Joined: Feb 2009
Posts: 532
Thanks:
9
Ack! I was beaten I see. Oh well :p
Yeah, I can totally run an analysis on those novels. I actually wanted to do something outside of Wikipedia too!
Joined: Oct 2007
Posts: 4,582
Thanks:
0
I never actually looked at the previously posted lists, but now that I look at yours and theirs, a layperson like me really enjoys your presentation, so there's my expert opinion. ^_^
Joined: Mar 2008
Posts: 1,533
Thanks:
0
I would totally love to see kanji analysis on the files that nest0r didn't post. Especially, I'd like to know which ones stick to easier kanji, fewer kanji, and other stuffs like that. Knowing where they sit by grade and JLPT level would be really nice.
Joined: Oct 2009
Posts: 3,944
Thanks:
11
Someone should probably write a more "intelligent" script to mine Wikipedia that strips out the things on every page like 編集 and 利用; I don't remember if the other list did that or not.
Joined: Aug 2009
Posts: 710
Thanks:
0
That was fast, FooSoft! There is some 'boilerplate' formatting across most of those files as well, hope you considered that (mostly on first page or so, I think).
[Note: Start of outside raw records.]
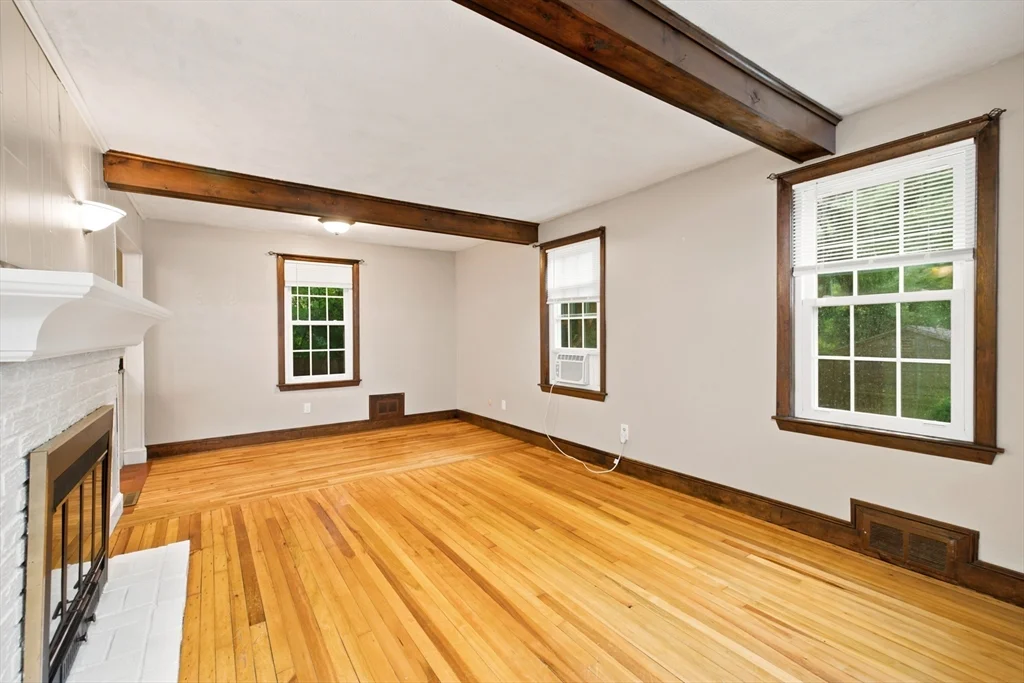 2 bed, 1 bath apartment for rent at 134 Federal St, Weymouth — photo 10 of 34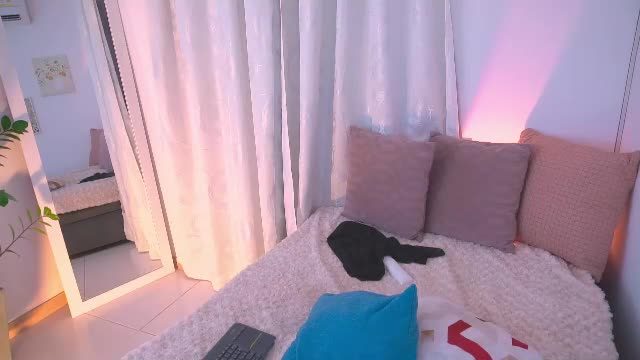 atena676 broadcasting on Chaturbate — webcam session
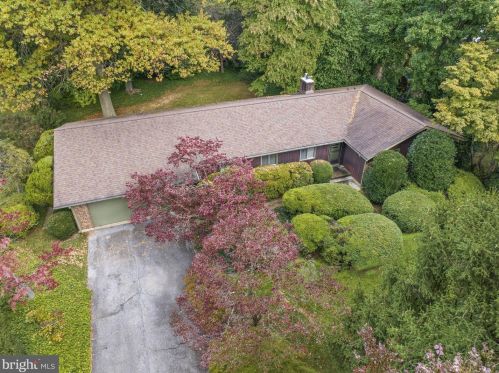 2715 Point Breeze Dr, Wilmington, DE 19810-1150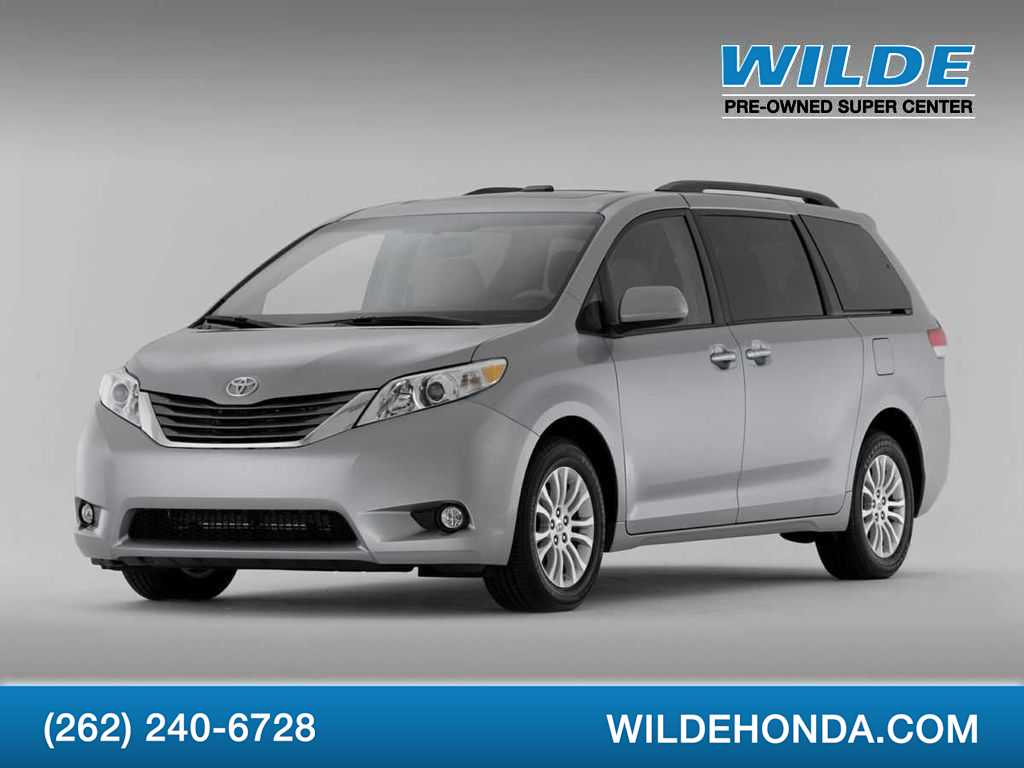 2012 Toyota Sienna LE -
                  Waukesha, WI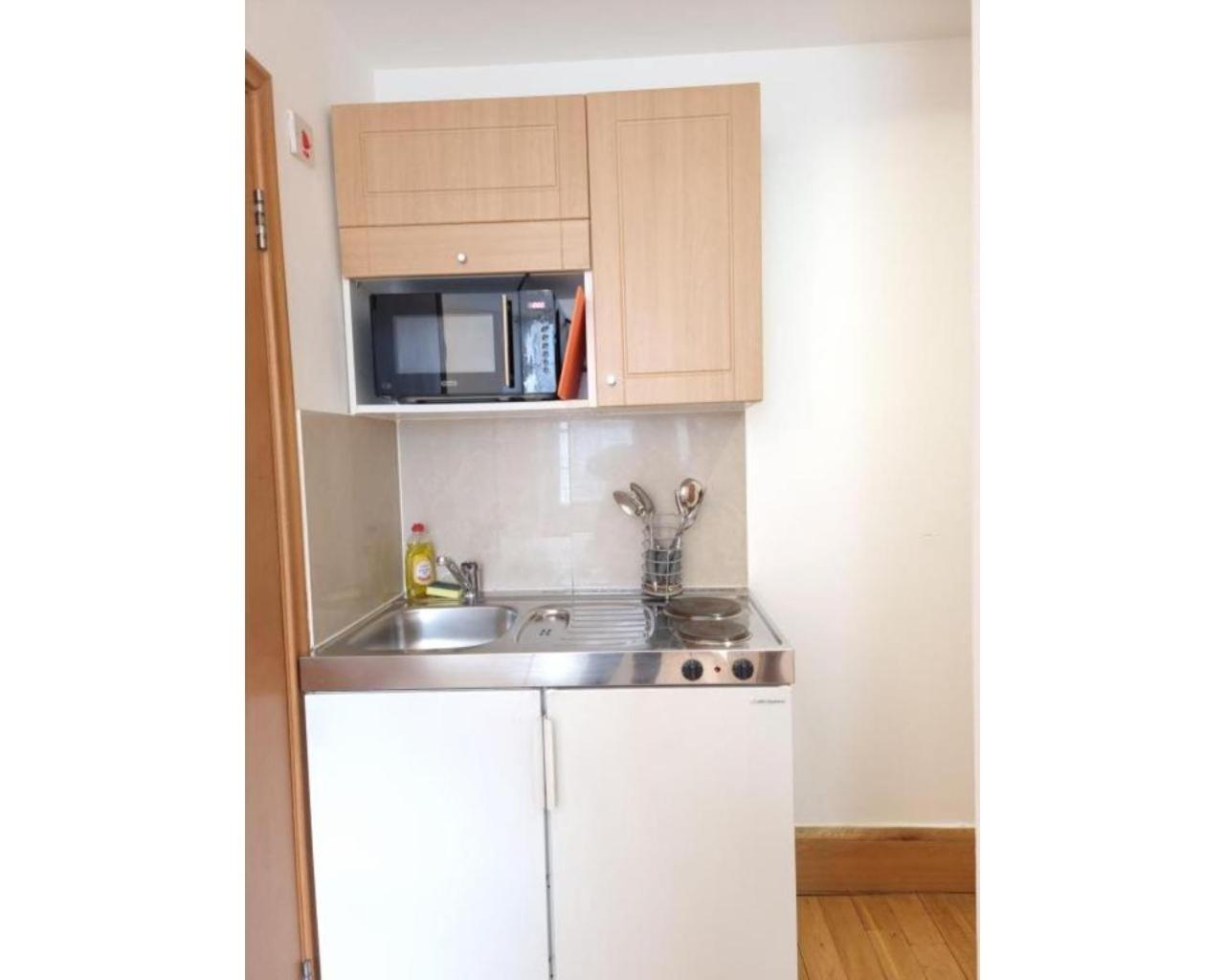 Apartment 80 Inverness Terrace London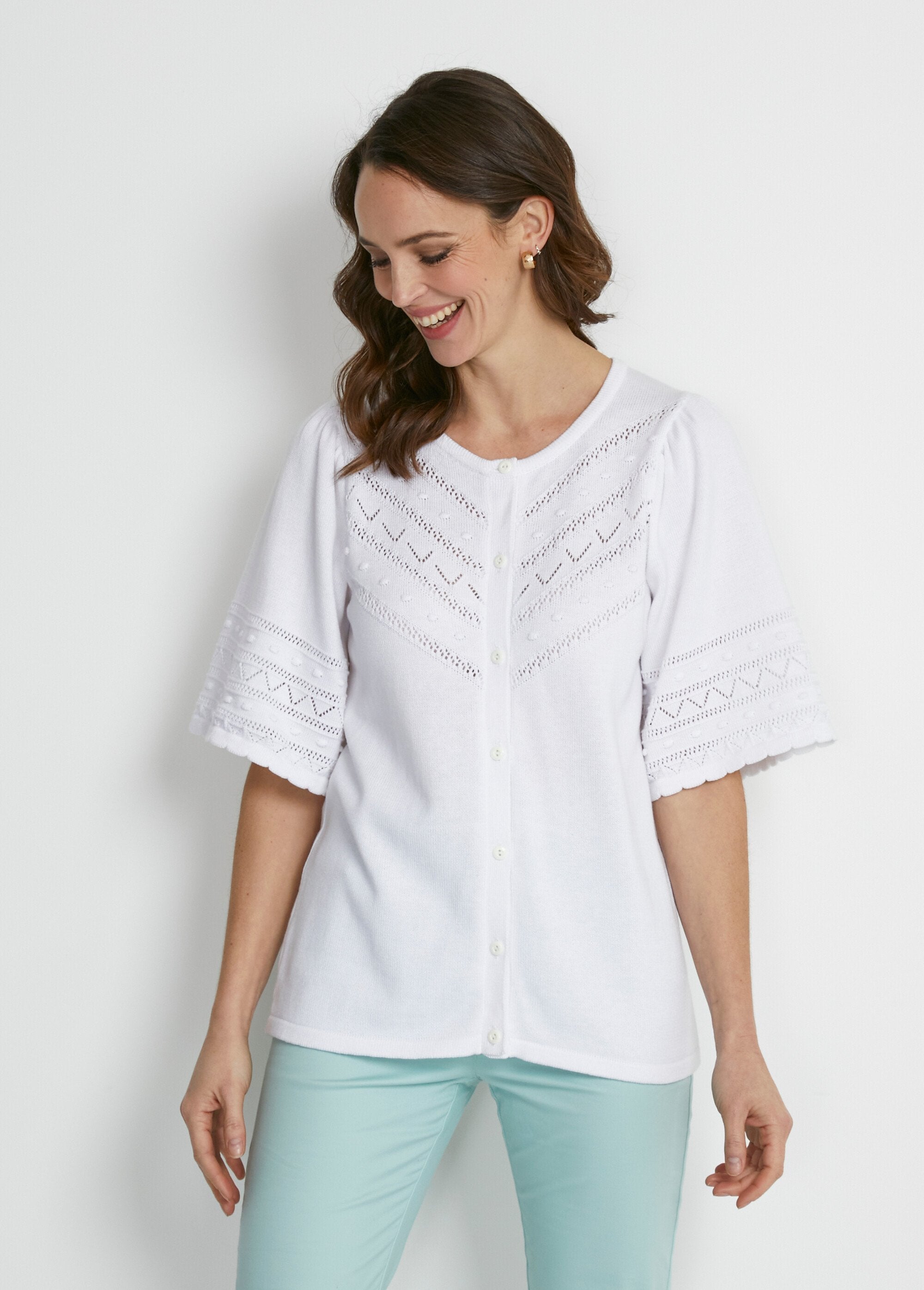 Round_neck_openwork_knit_cardigan_with_embossed_balls_White_FA1_slim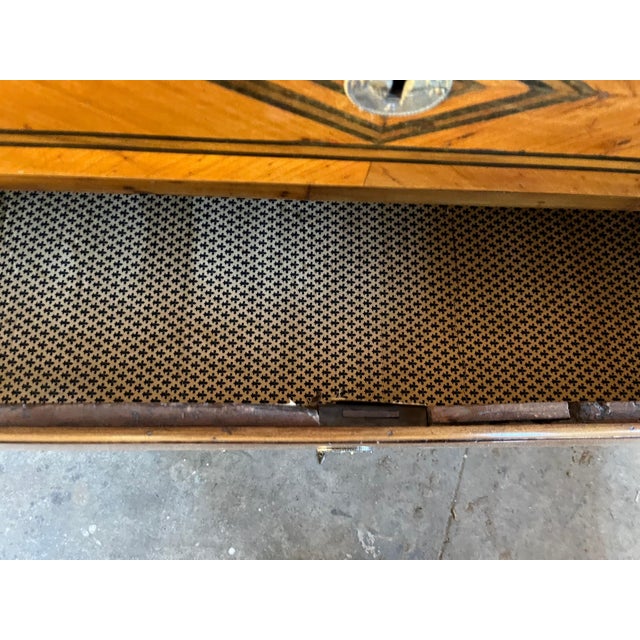Neoclassical 18th Century Italian Cherry Neoclassical Commode With Inlay and Veneer For Sale - Image 3 of 18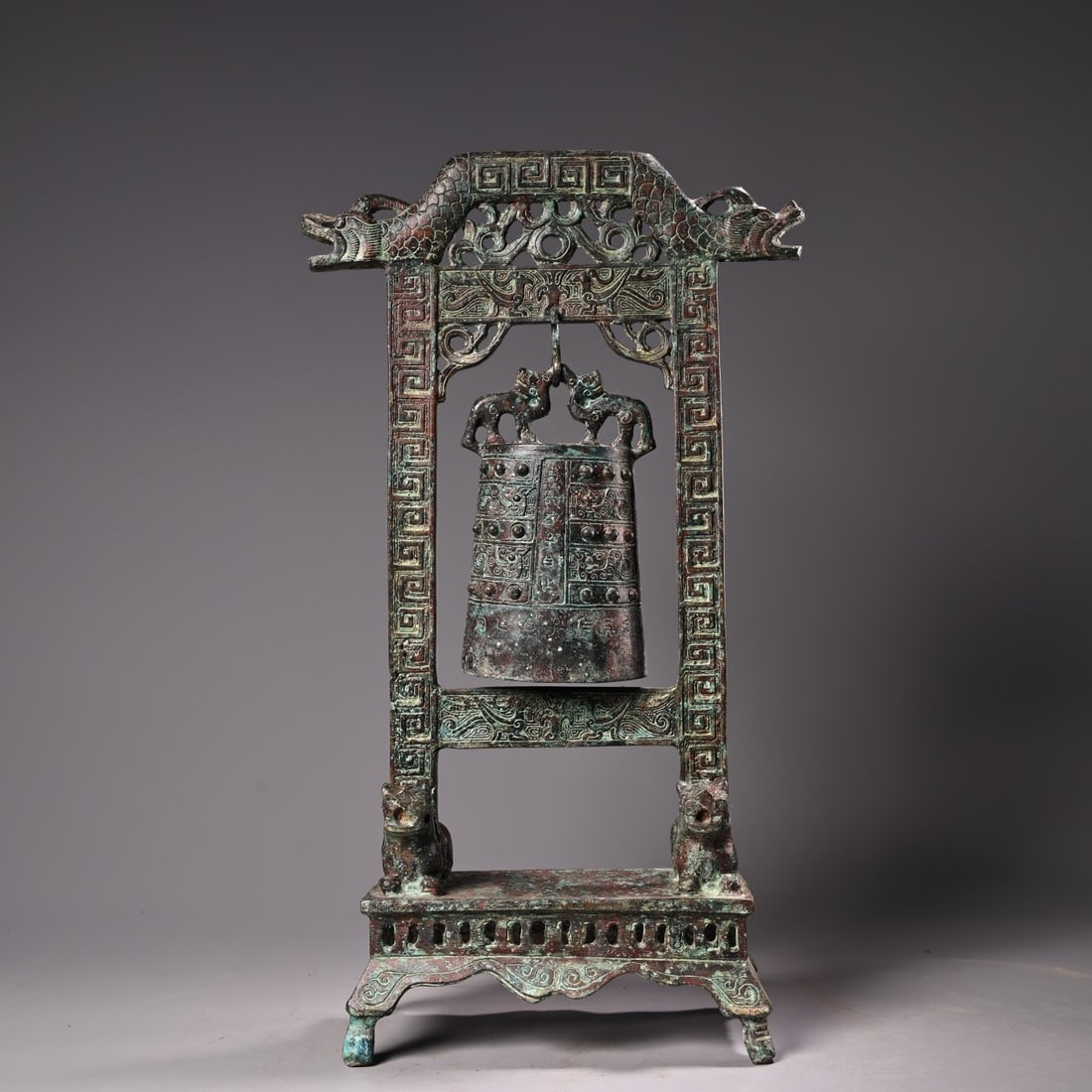 A beautiful Han Dynasty bronze double-dragon chime bell musical wall clock: Han dynasty bronze double-dragon bianzhong musical instrument wall clock SIZE: W:2100g H:36cm W:20cm (The Dimensions Of All Batches Are Manually Measured.If You Need More Detailed Information, Please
Hmm, now how organize and apply this information.
Joined: May 2009
Posts: 14
Thanks:
0
Would there be anyway to run a search of, say, the German wiki to find the most common words, for SRS? Or say contrasting the entire wiki with a word list of 5,000 common words, and determine which wiki entries use most of them?
Joined: Mar 2007
Posts: 3,851
Thanks:
0
Mecab etc could handle that with a reasonable margin of error.
Joined: Jan 2008
Posts: 591
Thanks:
0
With running a kanji frequency on wikipedia, wouldn't the thousands of articles on all things Chinese kind of throw off the results with a whole lot of kanji not really recognized in Japanese?
Joined: Sep 2008
Posts: 1,674
Thanks:
1
someone should run this stuff on dorama scripts. Get a feel for frequency of spoken words.
Joined: Jun 2007
Posts: 49
Thanks:
0
How about if you can add list of (all) 常用2009 kanji. Would be nice to see those missing ones.